Fabricating insights from Europe
- Published: November 11, 2017
Companies in Belgium and the Netherlands embrace new technologies to enhance their manufacturing throughput
By Nestor Gula
Sitting in Canada’s Manufacturing heartland, one does not consider Belgium or Holland to be much of a manufacturing hub. Germany, sure. But little Belgium or Holland are more known for their stereotypical chocolates and windmills respectively.
But being small, both in size and population compared to their large neighbours, Germany and France, the manufacturing sectors in these small regions have had to innovate and become lean to stay competitive.
On a recent press tour of several manufacturing facilities organized by Belgian fabricating equipment builder LVD, we visited several manufacturers that have embraced technological advanced to help them stay competitive in the global market.
Many of their gripes about the current state of manufacturing were the same as those heard across Canada and in the US – the preponderance of global/offshore competition that is undercutting the local manufacturers in price, tight margins, short lead times, quality, and the lack of a skilled workforce force. But here in this tiny corner of the Low Countries some manufacturers have taken the technological bull by the horns and are thriving.
Industry 4.0 – Low country style
Industry 4.0 is not a new phenomenon. It originated as a strategy of integrating computerization to manufacturing by the German government. It was presented as a set of recommendations in the fall of 2012. It encourages the use of data and interconnectivity to make manufacturing more efficient.
Industry 4.0 is frequently bundled with the terms Internet of Things (IoT), Big Data, Interconnection and other such terms that are misunderstood, bandied about carelessly, misused and frequently discarded by management in manufacturing shops as mere buzzwords designed to implement costly technological processes to their manufacturing environment.
Matt Fowles, LVD’s director of marketing, succinctly summed up one of the tenants of Industry 4.0.
“When your order processing and job setup take up 70 per cent of a work orders time, and the actual manufacturing process takes up 30 per cent, it makes more sense to make the front end more efficient.”
A fabulous use of all that Industry 4.0 can offer is shown by Tailor Steel 24/7. This is a job shop with a difference.
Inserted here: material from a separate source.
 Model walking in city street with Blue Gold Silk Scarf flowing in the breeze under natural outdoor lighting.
And it is not just that there are great big trees growing inside the spotlessly clean and modern factory. All ordering of parts is completed on-line through the company’s proprietary software called Sophia. Through this software’s interface, the customer can upload a file of the part, in step STEP, DXF or DWG format, specify material type, thickness, quantity delivery among other parameters. The software also allows the user to upload parts lists in CSV or XML file. This process can be done at any time and delivery times can be scheduled for a quick turnaround or a later delivery.
President, Carl van Sorgen, who has many years of experience in the metal industry, started the company in 2007 in Varssevel, Holland. This is a small town just east of Arnhem. He wanted to do metal work a different way.
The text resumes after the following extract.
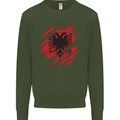 Torn Albania Flag Albanian Day Football Mens Sweatshirt Jumper Forest Green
“I concentrated first on just providing metal cutting,” he said. “Too many companies try to do too much. They need to think about their strategy.” He added bending operations a few years later and now operates an additional plant in Bremen, Germany serving the German market.
He readily admits he does not know what the parts he is making are being used for. All he really cares is that they are to the customers exact specifications and they are delivered when promised. All aspects of the production are monitored on a proprietary electronic board that takes up one wall of the main office. Here, the office staff, can monitor the progress of the myriad of jobs that are being carried out on the shop floor. It also monitors the location of the trucks that are delivering the parts to customers. At any time, the office staff and the customer can know the status of their order.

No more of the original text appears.